In order to get a Raspberry Pi booting without any physically attached storage, we need to consider a number of different phases:
- Where does the bootloader (RPi firmware) get a boot image / kernel from?
- How is that initial boot environment delivered to the RPi?
- How does the rest of the root filesystem become available?
- How can the booting device update its own kernel?
Let’s address those one at a time.
Enabling netboot
This is something I’ve covered before, but in summary we have to include and prioritise a BOOT_ORDER
value of 2
in the config stored in the RPi’s EEPROM, which will instruct it to try and source a kernel over the network via TFTP (Trivial File Transfer Protocol). While updating the EEPROM, we’ll also set TFTP_PREFIX=2
- more on that later.
For other hardware, you may find configuration in your BIOS that allows similar.
Advertising a TFTP server
While it is possible to hard-code in the EEPROM config where the bootloader should go to find the TFTP server, I prefer to advertise this as part of the DHCP offer - but watch out for potential issues if you start doing this for your whole network!
I use ISC’s DHCP server on the server that is also acting as gateway for the network, and will additionally be taking on the role of TFTP server (and iSCSI server). Therefore, to the subnet configuration in /etc/dhcp/dhcpd.conf
it is a simple matter of adding:
range 192.168.20.10 192.168.20.200;
+ option tftp-server-name "192.168.20.1";
option routers 192.168.20.1;
It’s worth noting that DHCP also supports advertising a “next server” for clients to contact, but the RPi firmware doesn’t support that, so I stuck with the BOOTP extension option 66.

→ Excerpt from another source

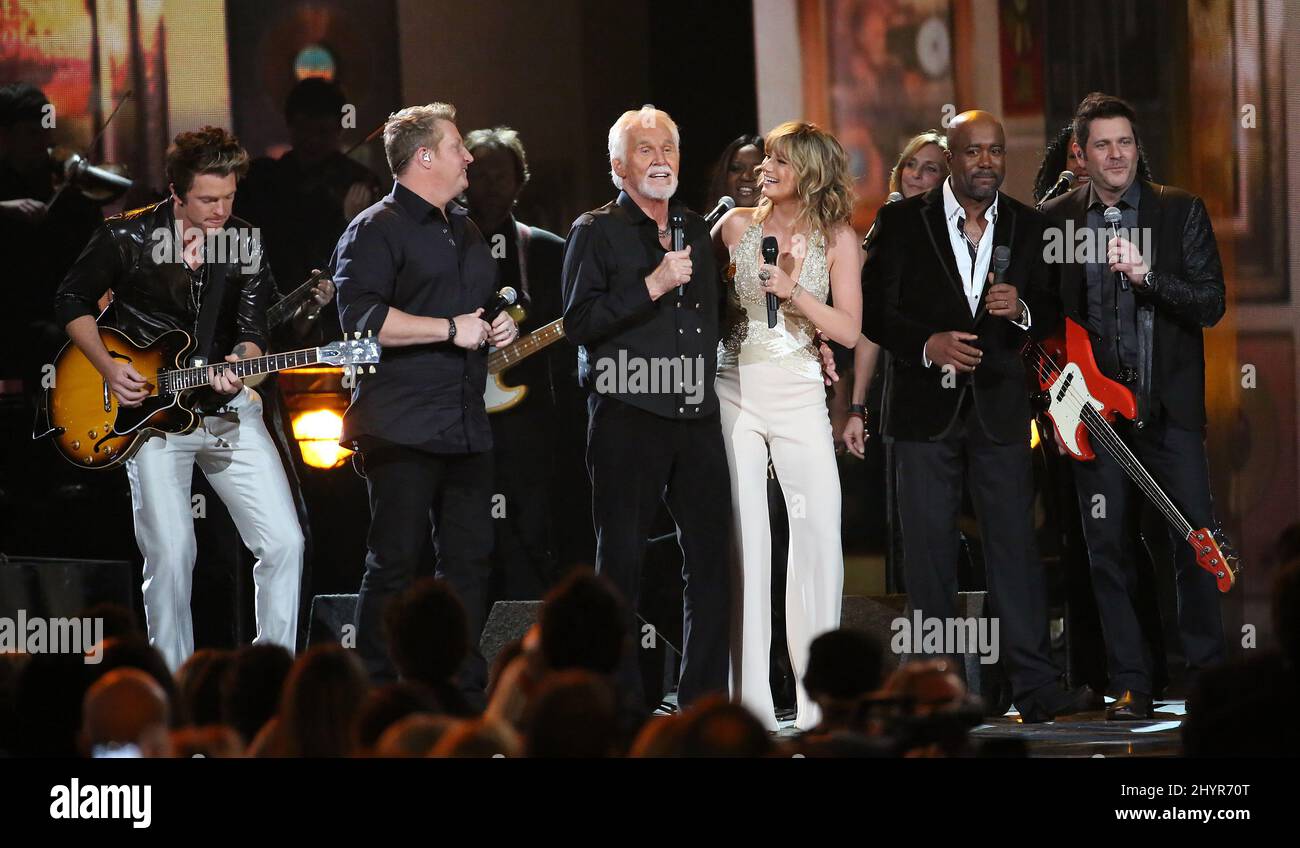 DATEI FOTO: Country-Musik-Superstar Kenny Rogers starb an natürlichen Ursachen zu Hause in Georgien von Familie im Alter von 81 Jahren umgeben. 6. November 2013 Nashville, Tn. Rascal Flatts und Kenny Rogers sowie Jennifer Nettles und Darius Rucker 47. Annual Country Music Association Awards in der Bridgestone Arena Stockfoto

We can then test this using one of nmap
’s built-in scripts:
# sudo nmap --script broadcast-dhcp-discover
| Response 1 of 1:
| IP Offered: 192.168.20.26
| DHCP Message Type: DHCPOFFER
| Server Identifier: 192.168.20.1
| [ ... ]
|_ TFTP Server Name: 192.168.20.1
Hosting a TFTP server
Now the RPi will know where to look for its boot image, we now need to provision something for it to find! A TFTP server can be installed with:
sudo apt-get install tftpd-hpa
It is configured in /etc/default/tftpd-hpa
; the defaults may be fine for you, but I configured the following starting settings:
TFTP_DIRECTORY="/srv/tftp"
TFTP_ADDRESS="192.168.20.1:69"
The TFTP_PREFIX=2
we set earlier in the RPi’s EEPROM will mean that it requests files it needs prefixed with its MAC address (easy to find) rather than its serial number (less easy to find).
Extracting the boot partition
I’ll be using ZFS to store both the block device to be served over iSCSI as well as the boot files to be served over TFTP. Setting up individual datasets will allow for snapshotting and rollback.

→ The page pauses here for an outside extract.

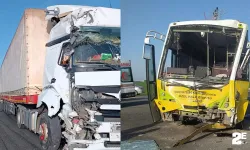 Tır ile halk otobüsü birbirine girdi: Yaralılar var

# Set up a dataset for the client with MAC address xx-xx-xx-xx-xx-xx:
CLIENT_DATASET="main-pool/netboot/xx-xx-xx-xx-xx-xx"

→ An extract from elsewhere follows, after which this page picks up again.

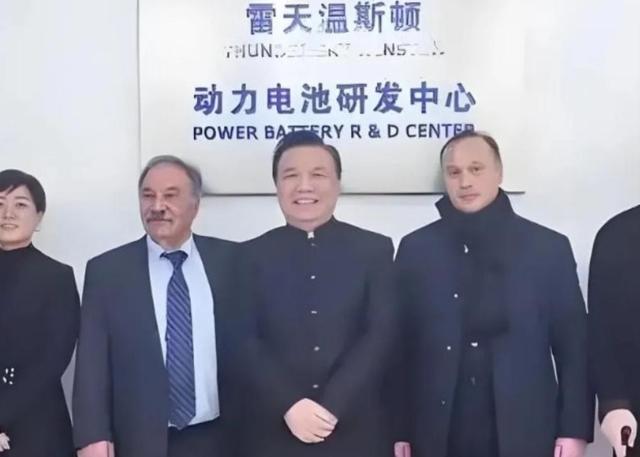 报应来了！捐给美国7千万，满嘴“中国穷关我啥事”，如今破产了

sudo zfs create -p $CLIENT_DATASET
sudo zfs set mountpoint=none main-pool/netboot
# Create a child zvol block device for iSCSI at '/vol':
sudo zfs create -V 64G $CLIENT_DATASET/vol
# Fill it with a disk image:
sudo dd \
if=ubuntu-24.04.1-preinstalled-server-arm64+raspi.img \
of=/dev/zvol/$CLIENT_DATASET/vol \
status=progress
# Create a child dataset for TFTP at '/tftp':
sudo zfs create -o mountpoint=/srv/tftp/xx-xx-xx-xx-xx-xx $CLIENT_DATASET/tftp
# Scan for partitions in the new block device:
sudo fdisk -l /dev/zvol/$CLIENT_DATASET/vol
# Temporarily mount the first (boot) partition, and copy the contents to the TFTP directory:
sudo mount /dev/zvol/$CLIENT_DATASET/vol-part1 /mnt
sudo cp -r /mnt/* /srv/tftp/xx-xx-xx-xx-xx-xx/
sudo umount /mnt
# Finally, recursively snapshot this pristine state:
sudo zfs snapshot -r $CLIENT_DATASET@pristine-24.04
Verifying it works
To observe things working, we can monitor DHCP logs and sniff for traffic on :69
(in my case, shown here on the vlan20
interface) when a client RPi tries to netboot:
# a DHCPREQUEST should arrive as per normal:
journalctl -u isc-dhcp-server.service -b -f
# then, boot files should be requested via TFTP:
sudo tcpdump -vv -i vlan20 port 69
Fetching the root filesystem
At this point, our client RPi should be able to get a kernel started, but then panic as it won’t be able to find a root filesystem. For Ubuntu 24.04, the kernel cmdline.txt
that we will have delivered over TFTP will have instructed it to look for a filesystem labelled as writeable
to use as the root:
... root=LABEL=writable rootfstype=ext4 rootwait ...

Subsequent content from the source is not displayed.